I read Carol Burnett's autobiography years ago in the late 1980's and was particularly struck by how resilient a person she was considering her father and mother's alcoholism. She is the focus of the American Masters program tonight on PBS, 9pm. Youtube has many of the Carol Burnett Show clips that will remind you how brilliantly funny and generous she is. Like Seinfeld, her show worked because the entire cast were all given a chance to express their own unique talents and work as a ensemble rather than a single star focus. Like Charles Schulz last week, part of her brilliance was to make people laugh while astutely critiquing the shallow aspects of our culture and the harmful qualities of people-that takes insight and skill.

Sunday, November 4, 2007

What difference does it make.....


My good friend Laura, who is a brilliant WWII historian-particularly regarding American POWS in Germany (her exceptional father being one), reminds me of the atrocities the Japanese inflicted during WWII-and you can read her response in detail at the end of the Paul Tibbet obit. My concern is for innocent persons, non military from any country, who die simply because they were a military strategy or collateral. Here is a
quote from Gandhi:

What difference does it make to the dead, the orphans and the homeless, whether the mad destruction is wrought under the name of totalitarianism or the holy name of liberty and democracy?

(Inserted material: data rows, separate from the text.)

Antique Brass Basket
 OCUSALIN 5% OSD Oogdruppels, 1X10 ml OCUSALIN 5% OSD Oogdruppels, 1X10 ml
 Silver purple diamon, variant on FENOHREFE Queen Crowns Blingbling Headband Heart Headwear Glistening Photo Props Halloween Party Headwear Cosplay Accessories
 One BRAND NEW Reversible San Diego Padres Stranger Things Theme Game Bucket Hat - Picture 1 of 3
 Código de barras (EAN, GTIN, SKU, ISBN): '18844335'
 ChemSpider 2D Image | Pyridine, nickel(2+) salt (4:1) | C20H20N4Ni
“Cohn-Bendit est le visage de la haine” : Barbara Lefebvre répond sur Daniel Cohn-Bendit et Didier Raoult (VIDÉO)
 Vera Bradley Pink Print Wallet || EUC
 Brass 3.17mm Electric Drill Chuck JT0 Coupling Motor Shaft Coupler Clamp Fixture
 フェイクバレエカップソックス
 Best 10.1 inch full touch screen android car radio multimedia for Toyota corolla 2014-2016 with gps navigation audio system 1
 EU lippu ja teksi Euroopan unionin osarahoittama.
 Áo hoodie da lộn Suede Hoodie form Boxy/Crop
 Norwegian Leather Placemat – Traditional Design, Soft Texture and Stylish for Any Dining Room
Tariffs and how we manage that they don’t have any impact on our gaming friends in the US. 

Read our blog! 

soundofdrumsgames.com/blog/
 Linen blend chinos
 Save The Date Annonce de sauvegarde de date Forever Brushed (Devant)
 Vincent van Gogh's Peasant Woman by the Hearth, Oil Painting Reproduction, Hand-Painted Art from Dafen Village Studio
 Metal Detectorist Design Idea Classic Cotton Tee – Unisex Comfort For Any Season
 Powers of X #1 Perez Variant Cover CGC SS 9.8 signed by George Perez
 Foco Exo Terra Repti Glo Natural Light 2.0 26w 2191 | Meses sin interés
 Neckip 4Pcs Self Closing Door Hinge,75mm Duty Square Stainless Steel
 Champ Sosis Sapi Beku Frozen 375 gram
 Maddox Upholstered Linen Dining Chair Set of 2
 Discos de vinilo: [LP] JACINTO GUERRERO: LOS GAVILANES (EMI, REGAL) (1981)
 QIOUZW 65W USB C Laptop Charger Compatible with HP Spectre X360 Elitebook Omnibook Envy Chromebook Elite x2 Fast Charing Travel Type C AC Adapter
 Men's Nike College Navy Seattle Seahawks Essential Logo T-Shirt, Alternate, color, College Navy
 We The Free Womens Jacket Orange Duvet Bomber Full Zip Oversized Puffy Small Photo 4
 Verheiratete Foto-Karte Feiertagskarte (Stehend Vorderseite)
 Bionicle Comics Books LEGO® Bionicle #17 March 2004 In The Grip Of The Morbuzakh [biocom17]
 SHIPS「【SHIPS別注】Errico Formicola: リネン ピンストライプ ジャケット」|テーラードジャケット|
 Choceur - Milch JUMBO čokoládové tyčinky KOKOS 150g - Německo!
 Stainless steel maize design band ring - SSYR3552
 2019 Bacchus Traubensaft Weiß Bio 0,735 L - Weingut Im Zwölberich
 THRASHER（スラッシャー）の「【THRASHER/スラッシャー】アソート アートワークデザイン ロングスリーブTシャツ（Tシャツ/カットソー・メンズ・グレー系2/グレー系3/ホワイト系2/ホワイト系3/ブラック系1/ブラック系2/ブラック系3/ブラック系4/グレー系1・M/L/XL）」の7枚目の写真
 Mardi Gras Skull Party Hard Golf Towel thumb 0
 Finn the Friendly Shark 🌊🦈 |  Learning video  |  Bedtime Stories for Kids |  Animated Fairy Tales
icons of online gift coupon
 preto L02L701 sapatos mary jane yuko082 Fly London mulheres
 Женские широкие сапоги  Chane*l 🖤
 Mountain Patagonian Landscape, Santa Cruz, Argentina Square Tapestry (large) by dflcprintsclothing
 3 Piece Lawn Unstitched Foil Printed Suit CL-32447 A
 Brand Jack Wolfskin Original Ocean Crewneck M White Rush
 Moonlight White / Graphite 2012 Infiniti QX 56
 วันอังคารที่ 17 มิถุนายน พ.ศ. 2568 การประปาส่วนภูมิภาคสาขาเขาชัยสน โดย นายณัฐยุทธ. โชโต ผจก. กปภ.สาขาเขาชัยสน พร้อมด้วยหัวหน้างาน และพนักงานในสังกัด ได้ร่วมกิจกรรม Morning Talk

photo taken of Gandhi in 1946 by photographer Margaret Bourne-White

Friday, November 2, 2007

Paul Tibbets, welcome to Hell



Paul Tibbets has finally died at age 92. He was the piece of human waste product who commanded the B-29 that dropped the atomic bomb on Hiroshima on August 9. 1945. The bomb killed at least 140,00 people, most instantly and left other with unbearable burns , blindness and multitudes of future generations with grotesque birth defects. Like a true sociopath, he once said"What they needed was someone who could do this and not flinch-and that was me".